“Campaigning is different than governing,” President Obama told reporters during his return flight from Asia this weekend. When asked about his meeting with GOP leaders later this week, Obama said: “They are flush with victory after a campaign of just saying ‘No.’ But I’m sure the American people did not vote for more gridlock.”
In fact, the exit polling shows the public did exactly what the president denies. The midterm elections were as close to a plebiscite as we have ever seen in a midterm election. It was, in large measure, a referendum on Obama and his policies — on Obamaism — and the public stood awthart history yelling, “Stop!”
As for the differences between campaigning and governing: that is precisely the distinction some of us warned Obama about in the immediate afterglow of his election. At the time, Obama’s supporters mocked the cautionary notes; governing would be a breeze once The One we had been waiting for took his throne. Mr. Obama himself is responsible in large measure for this. After all, he created almost mythological expectations of what he would achieve.
It has turned out to be quite a lot different, and quite a lot harder, than Mr. Obama ever imagined.
The world is an untidy place; problems are often more difficult and even more intractable than candidates imagine. Expressing intentions — like, say, closing down Guantanamo Bay, trying Khalid Sheik Mohammad in a civilian court, keeping unemployment below 8 percent, bending the health-care cost curve down while at the same time covering more people, convincing the Iranians to give up their pursuit of nuclear weapons, ushering in peace between the Israelis and the Palestinians, even signing a free-trade agreement with South Korea — is different than actually implementing successful policies.
Republicans, to their credit, seem to have learned from Obama’s mistakes, as well as some of their own.
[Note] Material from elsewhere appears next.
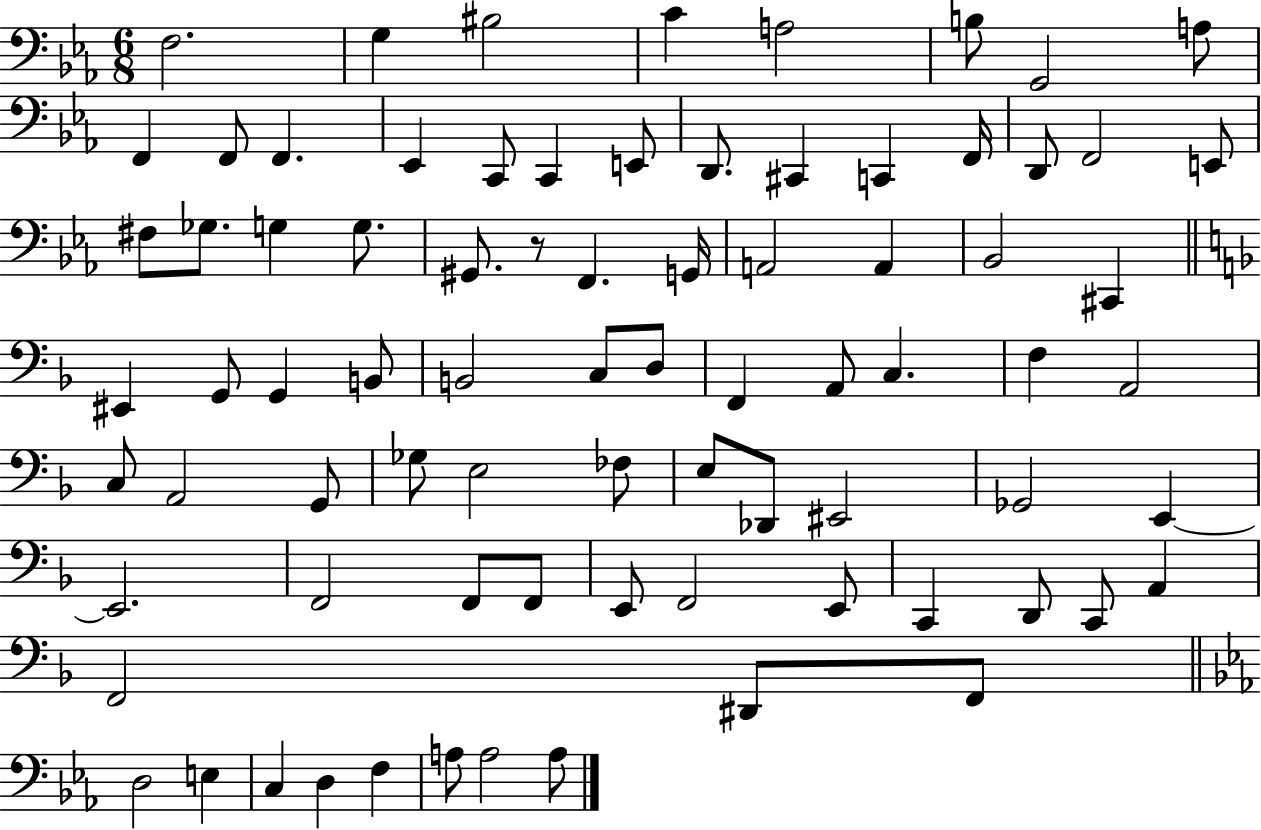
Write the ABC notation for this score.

There is no more talk about “revolutions.” Rather, there is a sober realization of the tasks that lie before them. This attitude doesn’t guarantee success, but it does show a level of maturity about politics and life, about their possibilities and limitations, that is a welcome thing to see.
Barack Obama’s stunning fall from grace has had an effect on him and on his opponents. The days of meaningless incantations like “hope and change,” of healing the planet and reversing the ocean tides, are gone with the wind. We are at least better for that.